The event showcased autonomous driving technology that enables two or more trucks to follow each other in close succession. Six European truck manufacturers participated in the challenge: The truck columns started out on March 29 from various cities in Sweden, Germany, and Belgium and arrived in Rotterdam on April 6.
In a platoon, trucks are connected by a Wi-Fi network. The lead truck determines the speed and route, and each vehicle’s Wi-Fi-enabled autonomous driving system ensures synchronized braking and maneuvering. The shorter gap between vehicles not only leaves more space for other cars on the road, it increases fuel efficiency by allowing trucks to drive in the draft of the truck in front.
Because of incompatible wireless technologies, trucks made by different manufacturers can’t yet platoon together. And each country has slightly different road platooning regulations. But the organizers of the challenge hope it will help standardize European rules and technologies needed for commercial truck platooning.
“The results of this first-ever major tryout in Europe are promising,” said the Netherlands’ minister for infrastructure and the environment, Melanie Schultz van Haegen, according to TruckingInfo.com. “This will open the door for upscaled, cross-border truck platooning.”
Electric drizzle
A solar panel that can generate electricity from rainwater? Strange as it sounds, scientists in China have developed just that.

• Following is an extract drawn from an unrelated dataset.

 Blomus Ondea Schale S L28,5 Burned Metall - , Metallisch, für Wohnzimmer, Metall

The researchers at Ocean University of China and Yunnan Normal University created a solar panel with a layer of graphene, a one-atom-thick sheet of pure carbon that is highly electrically conductive. The graphene attracts natural salts found in raindrops and creates layers of positive and negative ions, which then act like a capacitor to store electrical energy.

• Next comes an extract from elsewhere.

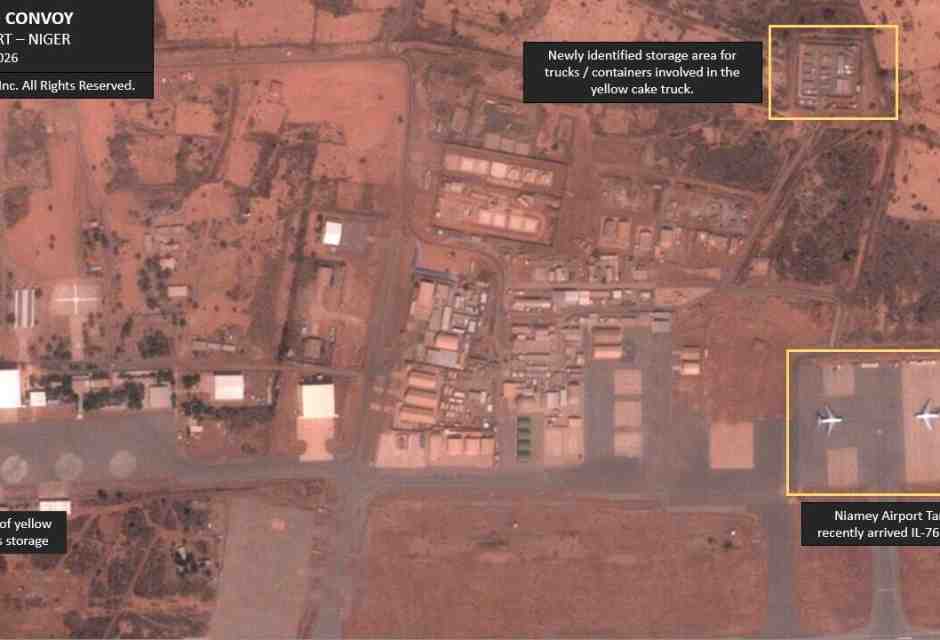 A Niamey, i militari italiani a poche centinaia di metri dall'uranio trafficato dai russi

In tests, the graphene-modified solar panel generated hundreds of microvolts of electricity from simulated rainwater, according to IEEE Spectrum. —M.C.
Just the highlights
Trying to read web content on a computer, tablet, or smartphone is hard enough with all the pop-up ads and other distractions, so we often resort to skimming online articles as we quickly scroll down the pages. But the very act of scrolling works against us. Motion blur makes it difficult to focus on the words, and the content isn’t in the window long enough for us to comprehend it.
A new scrolling technique under development at Aalto University in Finland may solve that problem, helping us scroll through online documents even more quickly and with better recall.
The browsing tool, called Spotlights, locates visually important elements on a web page—such as headlines, tables, or pictures—and briefly freezes and displays them in a separate, transparent layer as the user continues scrolling down the page.
“It chooses what you should focus [on] and allows you enough time to do that,” Byungjoo Lee, a postdoctoral researcher who helped develop the tool, said in a university press release. Lee’s team found that people using the tool were able to scroll at a rate of as many as 20 pages per second and still retain information. —M.C.